## Supplied material

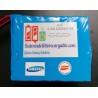 Pack Bateria 12v 40ah Litio Samsung con BMS integrado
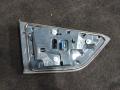фонарь крышки багажника правый BMW X6 F16 2015, 4.0 л., дизель, полный привод, 2576428 - фото №5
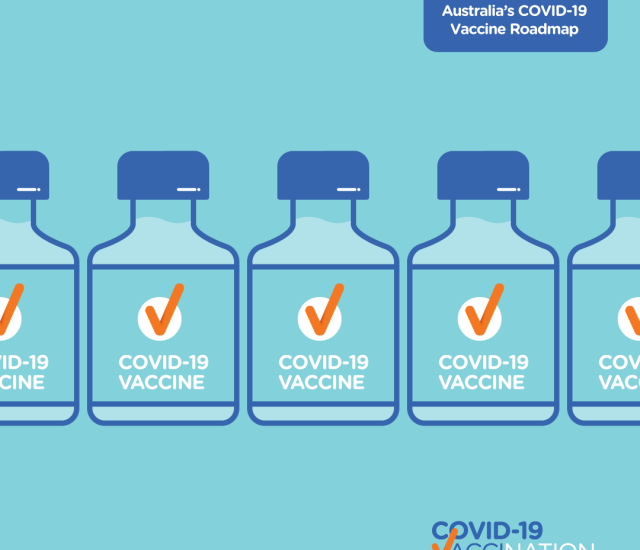 Preparing for the COVID-19 vaccine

## What needs to be done
Your task is to restate word for word the lines from the line holding "фонарь крышки багажника" through the final line of the listing, both included, but none of the pictures.

## Reply to the task
фонарь крышки багажника правый BMW X6 F16 2015, 4.0 л., дизель, полный привод, 2576428 - фото №5
 Preparing for the COVID-19 vaccine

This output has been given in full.